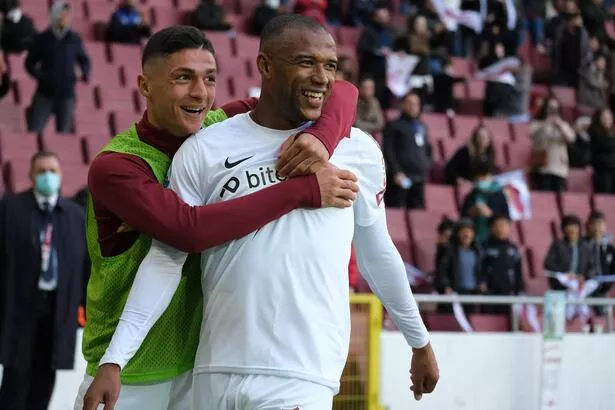 Trabzonspor iki oyuncu için harekete geçti! Karar bekleniyor 11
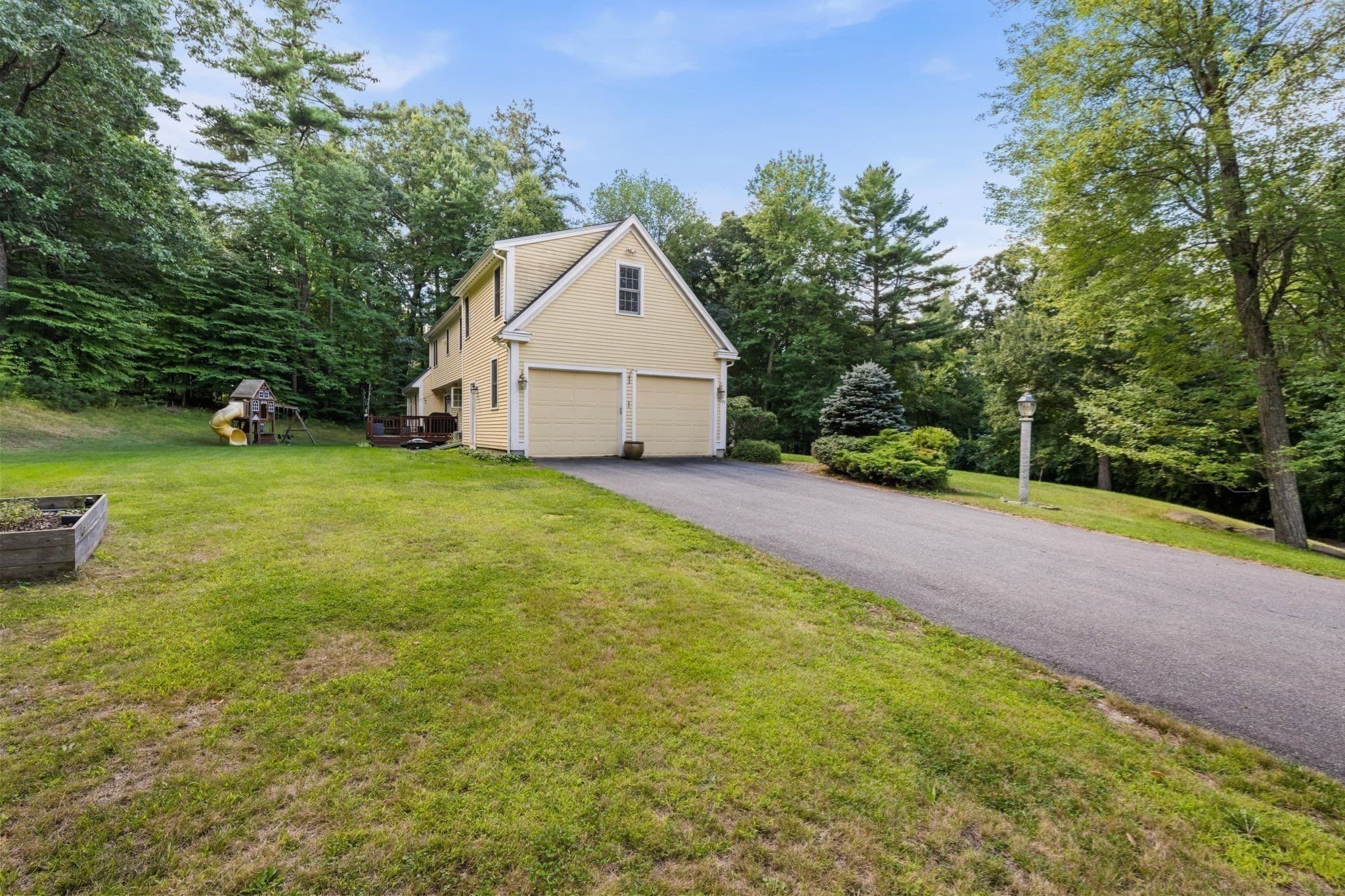 Single Family Residence at 101 Schoolhouse Ln, Boxborough MA 01719, photo 6 of 38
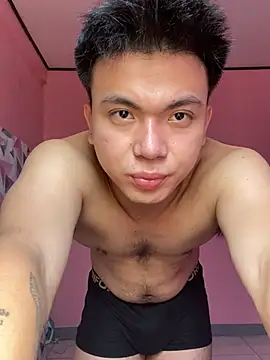 Snapshot of JerichoGutierez chatting on July 7, 2026, 4:15 am JerichoGutierez online show from July 7, 2026, 4:15 am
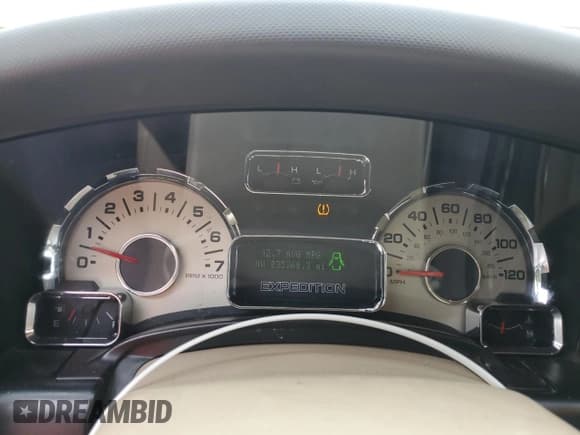 ✅ 2011 Ford Expedition XLT • VIN: 1FMJU1J54BEF02312 • Lot: 67551635. Wystawiony na Copart z przebiegiem 235 368 mil. Bezpłatny archiwum sprzedaży aukcyjnych z USA i szczegółowy raport historii pojazdu na DreamBid. Zdjęcie 9.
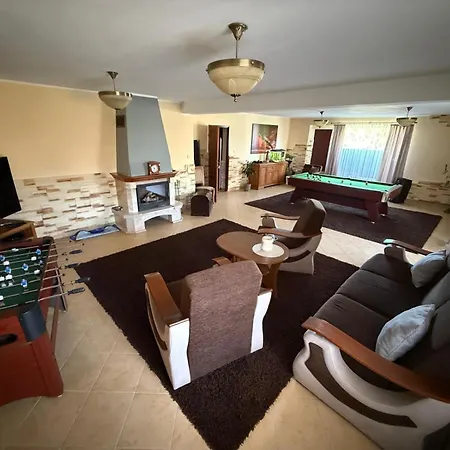 Ariadna Bed & Breakfast 3*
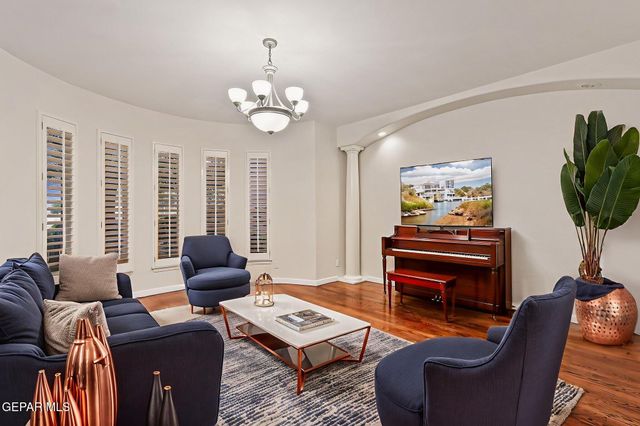 1039 CALLE FLOR Place, El Paso, TX 79912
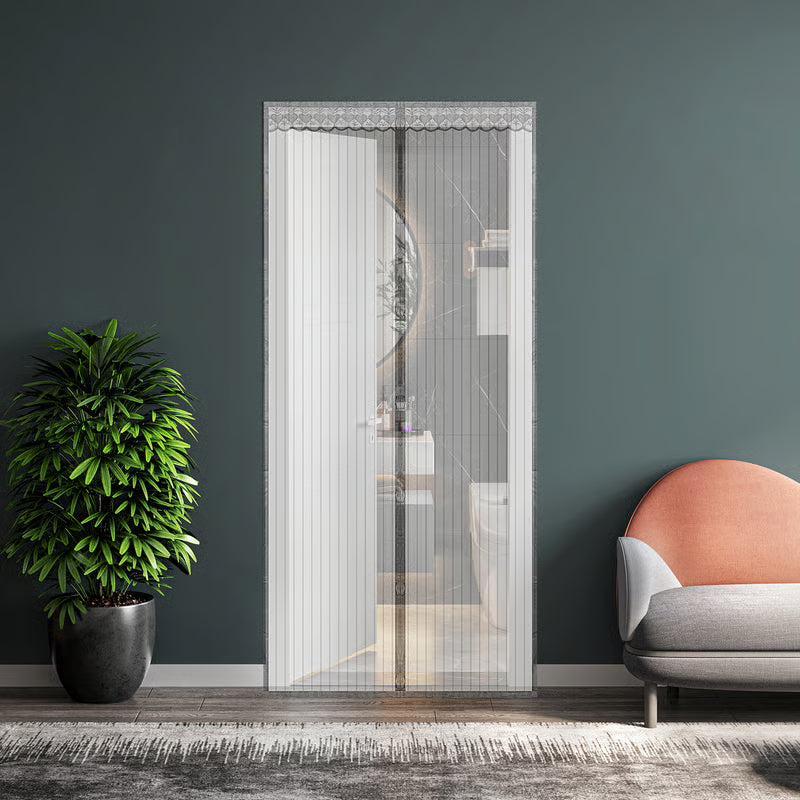 BreezeLock – Magnetic Mesh Fly Protection Door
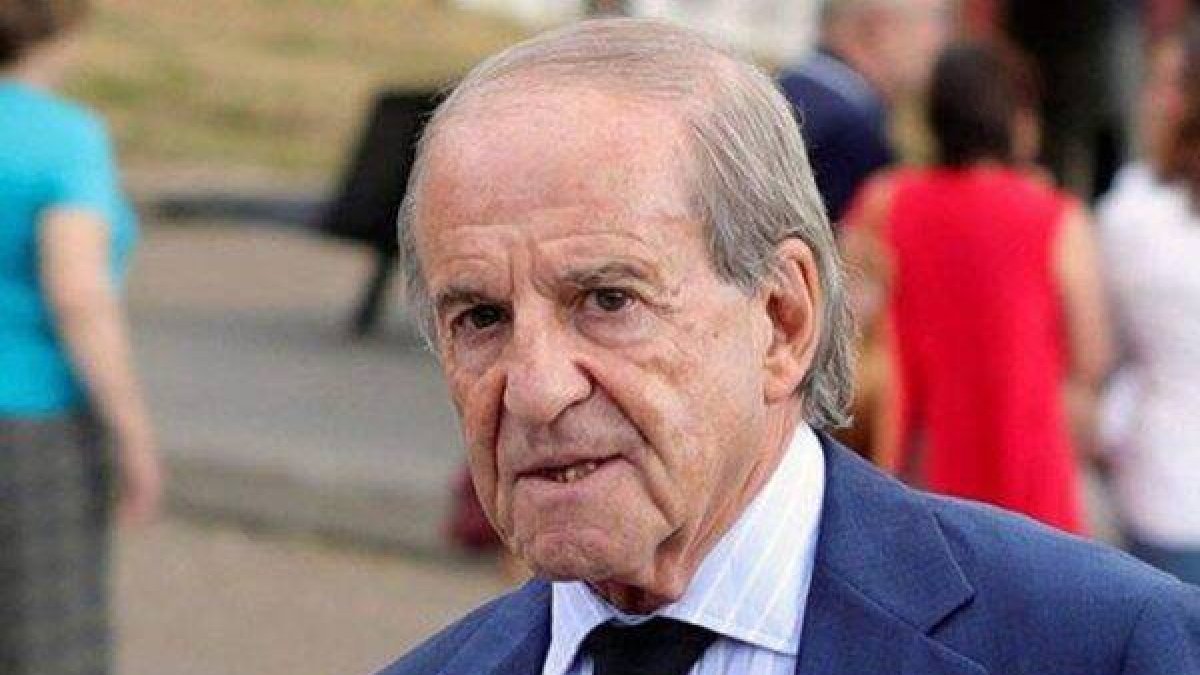 José María García la lía: dice que el fútbol femenino es “mentira” y después se disculpa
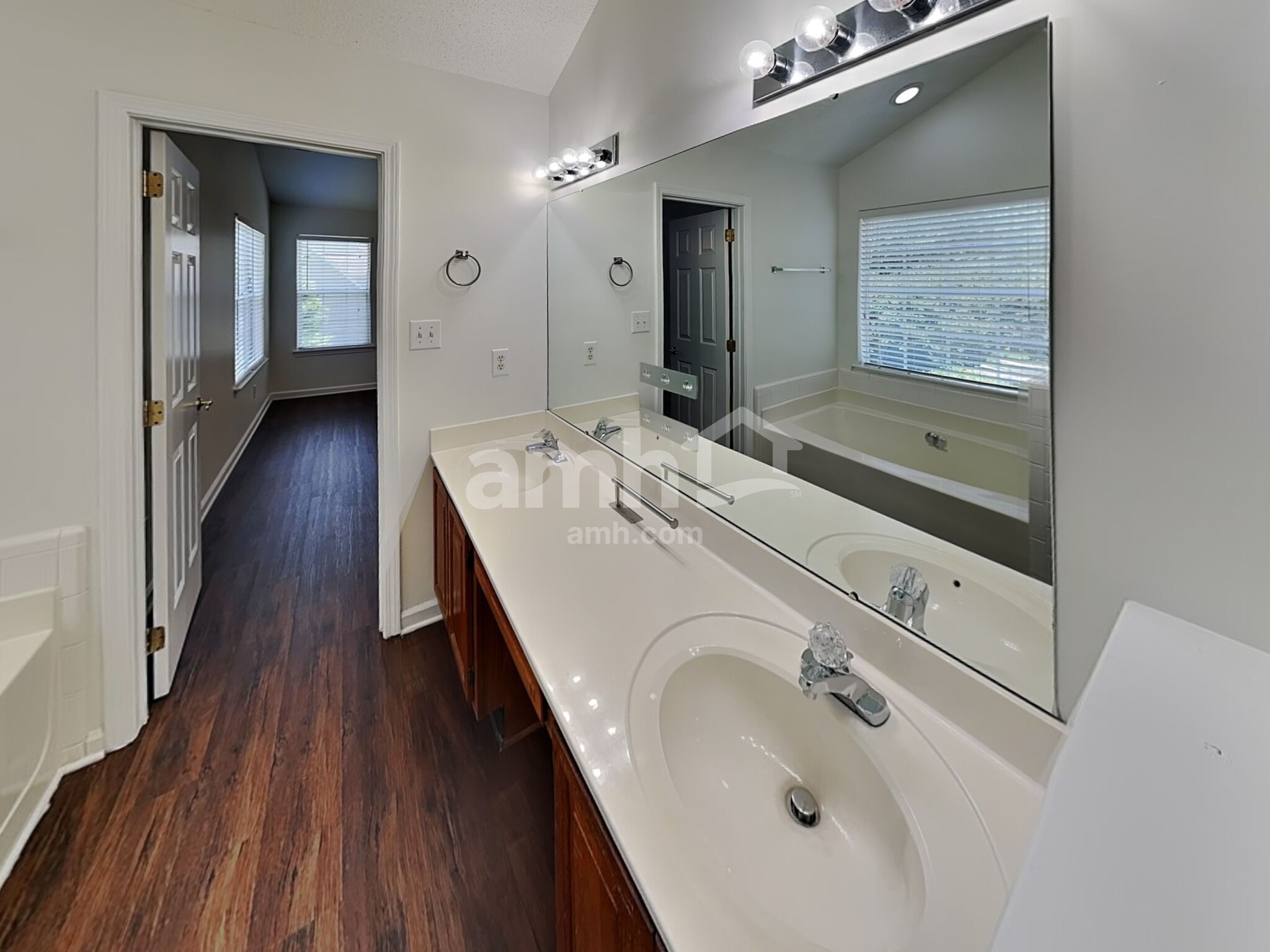 Building Photo - 13700 Kensal Green Dr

★ ★ ★ ★ ★

▶ _ABOUT THIS TASK_
When you print the entries, keep every line exactly as it is and drop the pictures.

▶ _PROBLEM SOLUTION_
 Trabzonspor iki oyuncu için harekete geçti! Karar bekleniyor 11
 Single Family Residence at 101 Schoolhouse Ln, Boxborough MA 01719, photo 6 of 38
 Snapshot of JerichoGutierez chatting on July 7, 2026, 4:15 am JerichoGutierez online show from July 7, 2026, 4:15 am
 ✅ 2011 Ford Expedition XLT • VIN: 1FMJU1J54BEF02312 • Lot: 67551635. Wystawiony na Copart z przebiegiem 235 368 mil. Bezpłatny archiwum sprzedaży aukcyjnych z USA i szczegółowy raport historii pojazdu na DreamBid. Zdjęcie 9.
 Ariadna Bed & Breakfast 3*
 1039 CALLE FLOR Place, El Paso, TX 79912
 BreezeLock – Magnetic Mesh Fly Protection Door
 José María García la lía: dice que el fútbol femenino es “mentira” y después se disculpa
 Building Photo - 13700 Kensal Green Dr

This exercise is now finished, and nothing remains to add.